Pirarucus criados em cativeiro serão cadastrados eletronicamente

 
 
 
Wikipedia/Ginkgo100
 
   
  Pirarucu Arapaima gigas  
     

O microchip permitirá a certificação de origem do animal, o que vai viabilizar a exportação. O Ministro da Pesca e Aquicultura Luiz Sérgio e o Presidente do Instituto Brasileiro do Meio Ambiente e dos Recursos Naturais Renováveis – Ibama, Curt Trennepohl, assinaram na quarta (21) Instrução Normativa que estabelece critérios e procedimentos para cadastramento de reprodutores de pirarucu (Arapaima gigas) no estado de Rondônia.

A IN viabilizará a comercialização do produto, oriundo da aquicultura, nos mercados interno e externo.

O objetivo é criar um “Marco Zero” no cultivo da espécie, com isso os lotes de reprodutores, com identidade genética registrada em microchip eletrônico, vão gerar alevinos que possam ser rastreados e ter sua origem autenticada. Esse movimento é no sentido de assegurar que o produto vendido é proveniente da aquicultura, o que vai servir também para proteger a espécie.

A partir de agora o produtor que tiver interesse em comercializar o peixe criado em cativeiro terá até 90 dias para requerer, junto ao MPA/Ibama, uma vistoria em sua propriedade. Nesta visita serão cadastradas suas matrizes, destacando as principais características dos animais, dados que serão registrados em um microchip o que proporcionará ao produtor maior facilidade para exportar o produto.

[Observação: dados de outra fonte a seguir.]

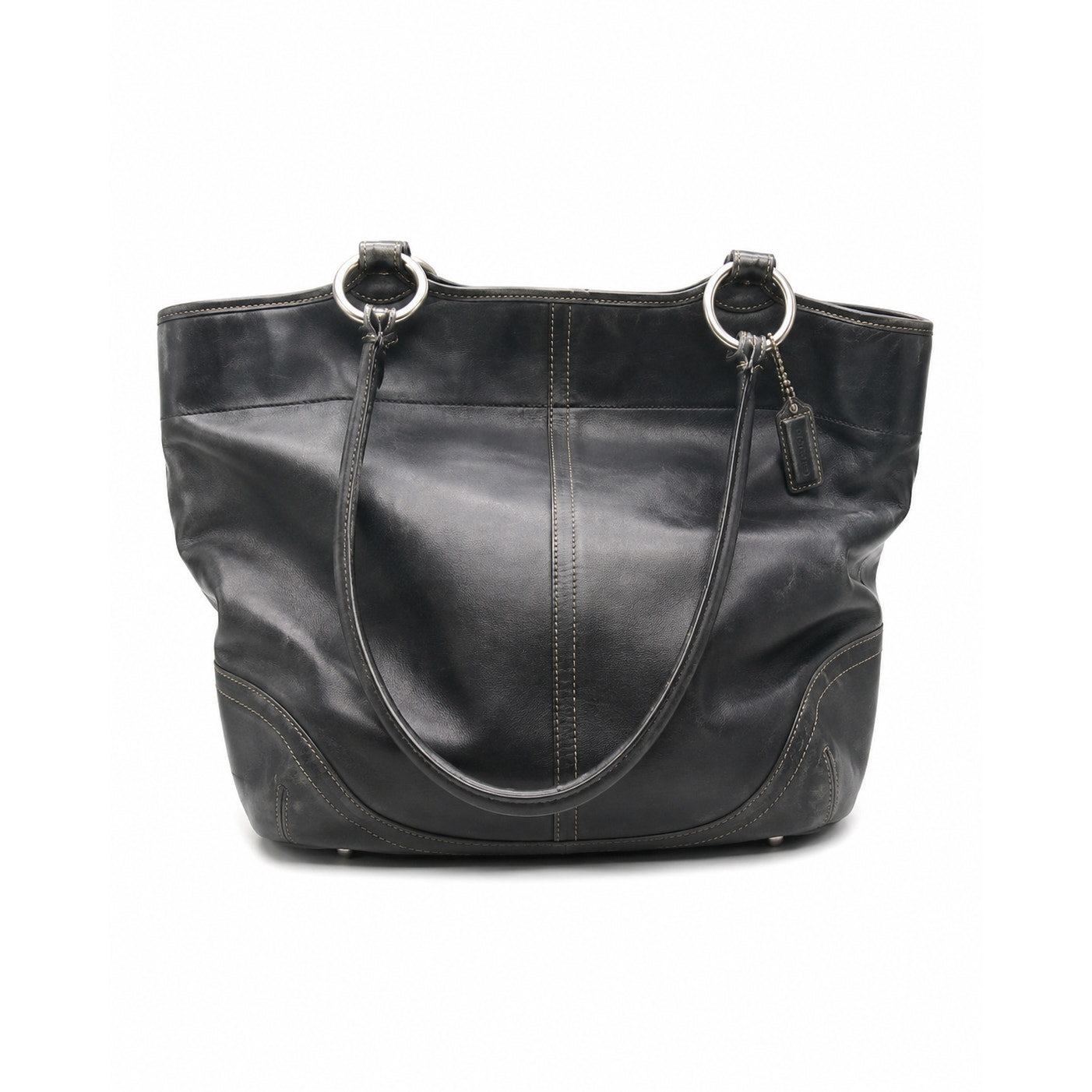 Vintage Y2K Coach Soho Black Smooth Leather Large Shoulder Tote Bag Silver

Mercados como França, Alemanha e Japão já demonstraram interesse em importar o pirarucu que é o maior peixe encontrado em rios e lagos do Brasil chegando a atingir três metros de comprimento e pesar mais de 200 quilos. Com sabor característico e carne de textura firme o pirarucu é considerado o “bacalhau da Amazônia”.

O Presidente do Ibama, Curt Trennepohl, destacou a importância da parceria MPA/IBAMA e chamou a atenção para a criação de peixes como alternativa para o desenvolvimento econômico do país. “A aquicultura se apresenta como uma atividade alternativa que permite maior produção em menos espaço, onde criamos um boi é possível criar toneladas de peixe, sem desmatar um hectare se quer.”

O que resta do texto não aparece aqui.